Gustavo Perez, natural de Valência, próxima a Caracas, chegou ao Brasil em 2018 por Roraima após uma longa travessia de quatro dias de carro. Ele afirmou que ao cruzar a fronteira sentiu uma grande liberdade. Gustavo deixou a Venezuela por considerar a situação do país “horrorosa”, destacando o declínio na qualidade de vida, violações de direitos humanos e abusos praticados pela ditadura local.
Segundo Gustavo, apesar da riqueza petrolífera da Venezuela, o povo não recebe benefícios diretos, apenas a ditadura se aproveita dessa riqueza.
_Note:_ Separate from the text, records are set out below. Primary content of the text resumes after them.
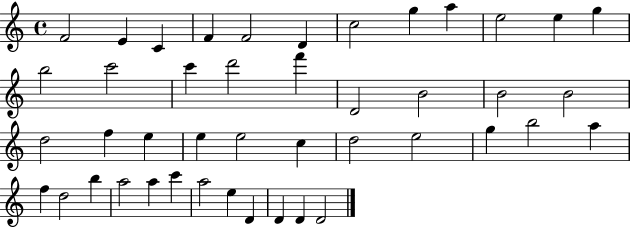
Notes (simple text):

F4/h E4/q C4/q F4/q F4/h D4/q C5/h G5/q A5/q E5/h E5/q G5/q B5/h C6/h C6/q D6/h F6/q D4/h B4/h B4/h B4/h D5/h F5/q E5/q E5/q E5/h C5/q D5/h E5/h G5/q B5/h A5/q F5/q D5/h B5/q A5/h A5/q C6/q A5/h E5/q D4/q D4/q D4/q D4/h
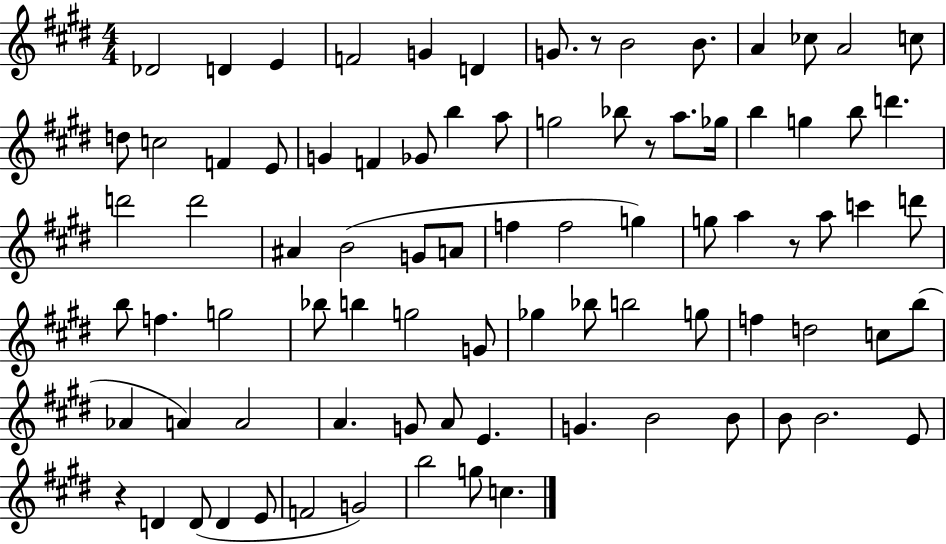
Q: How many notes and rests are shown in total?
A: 85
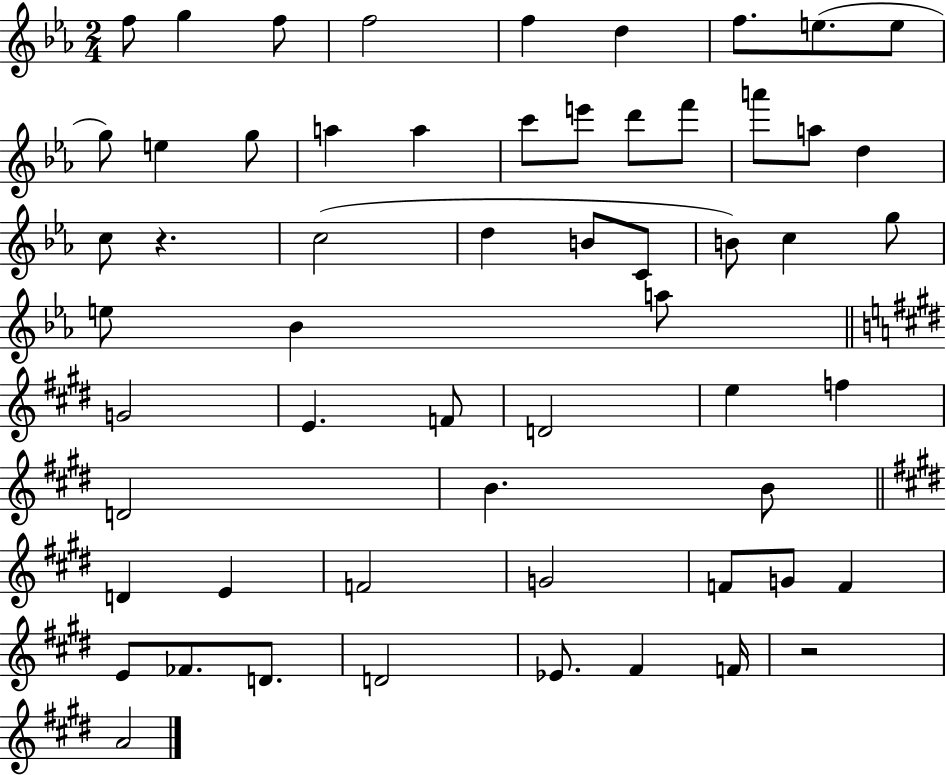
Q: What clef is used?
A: treble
Ele ressaltou que a atual intervenção dos EUA torna a situação na Venezuela urgente, devido à existência de presos políticos e centros de tortura no país.
Gustavo vê esperança para o futuro da Venezuela com o fim do governo Maduro, mencionando a necessidade urgente de restaurar a democracia, mas sem comemorar a violência empregada.
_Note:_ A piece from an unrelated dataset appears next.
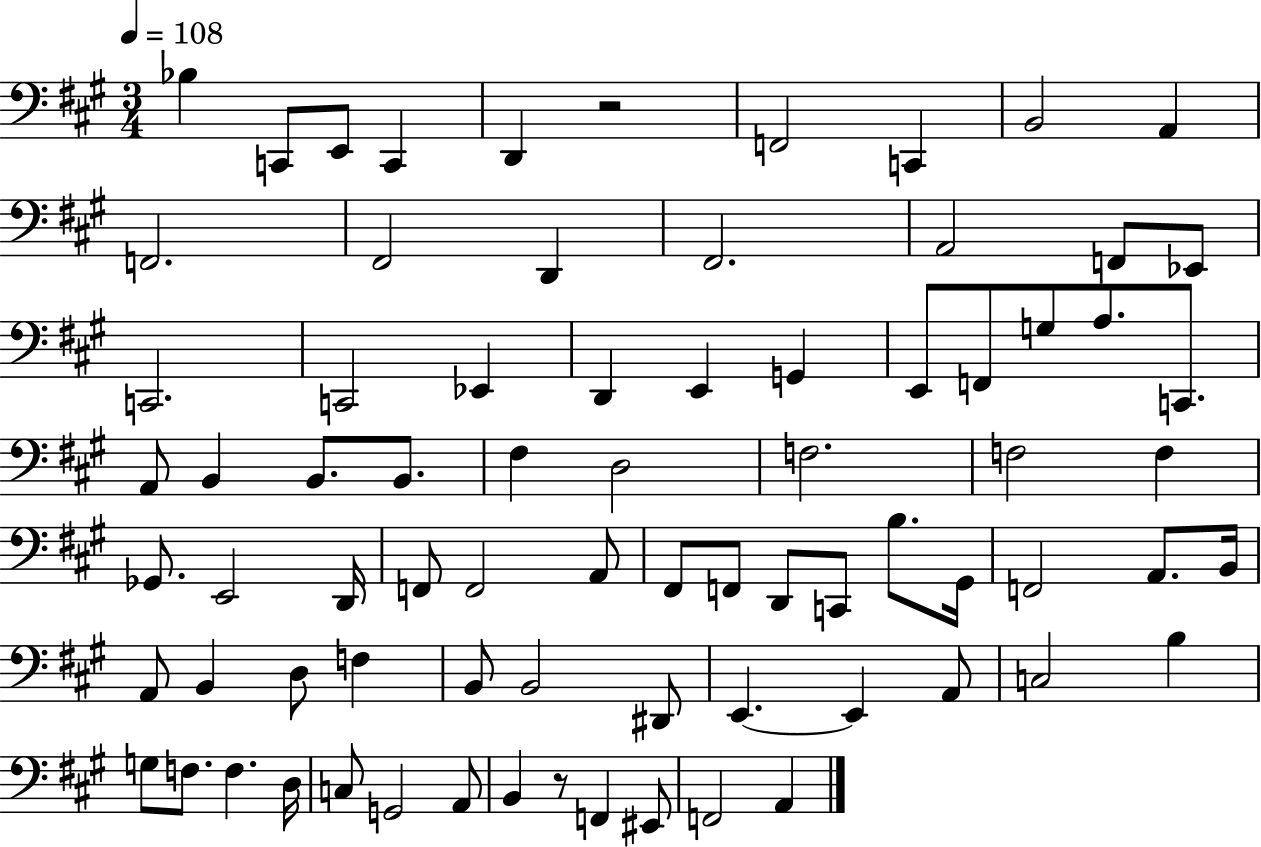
Bb3/q C2/e E2/e C2/q D2/q R/h F2/h C2/q B2/h A2/q F2/h. F#2/h D2/q F#2/h. A2/h F2/e Eb2/e C2/h. C2/h Eb2/q D2/q E2/q G2/q E2/e F2/e G3/e A3/e. C2/e. A2/e B2/q B2/e. B2/e. F#3/q D3/h F3/h. F3/h F3/q Gb2/e. E2/h D2/s F2/e F2/h A2/e F#2/e F2/e D2/e C2/e B3/e. G#2/s F2/h A2/e. B2/s A2/e B2/q D3/e F3/q B2/e B2/h D#2/e E2/q. E2/q A2/e C3/h B3/q G3/e F3/e. F3/q. D3/s C3/e G2/h A2/e B2/q R/e F2/q EIS2/e F2/h A2/q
Diana Hung, que também vive em São Paulo, adiou uma viagem planejada para a Venezuela entre o Natal e o Ano Novo devido às tensões causadas pela intervenção dos Estados Unidos. Ela explicou que poderia ter ficado detida por mais uma semana caso tivesse viajado, pois o desfecho da situação era incerto.
Diana deixou a Venezuela em busca de melhores oportunidades e afirmou que sua saída ocorreu em um momento oportuno para melhorar suas condições de vida.
Na madrugada de sábado (3), o exército dos EUA atacou Caracas de surpresa, capturando o presidente Maduro, que foi levado por helicóptero a um navio da Marinha no Caribe e desembarcou em um centro de detenção em Nova York na noite do mesmo dia.
O presidente dos EUA, Donald Trump, declarou em coletiva que Washington comandará a Venezuela até a transição do governo por meio de um grupo que será formado.
A procuradora-geral americana, Pam Bondi, confirmou que Maduro enfrentará julgamento por narcoterrorismo em Nova York.
No domingo (4), Trump alertou que Delcy Rodríguez, reconhecida como presidente interina pela Suprema Corte venezuelana, poderá sofrer consequências ainda mais severas que Maduro se não cooperar com os EUA.
A captura de Maduro e sua transferência para os Estados Unidos marcam um momento crítico na crise venezuelana, com os americanos assumindo papel ativo nessa transição de poder.
A população civil, incluindo os imigrantes, enfrenta crescente ansiedade e vulnerabilidade quanto ao futuro político e à segurança de seus parentes na Venezuela.
Especialistas e ativistas destacam o risco de violações de direitos humanos durante esta fase de instabilidade e sugerem que as experiências dos exilados sejam consideradas para entender melhor a situação atual.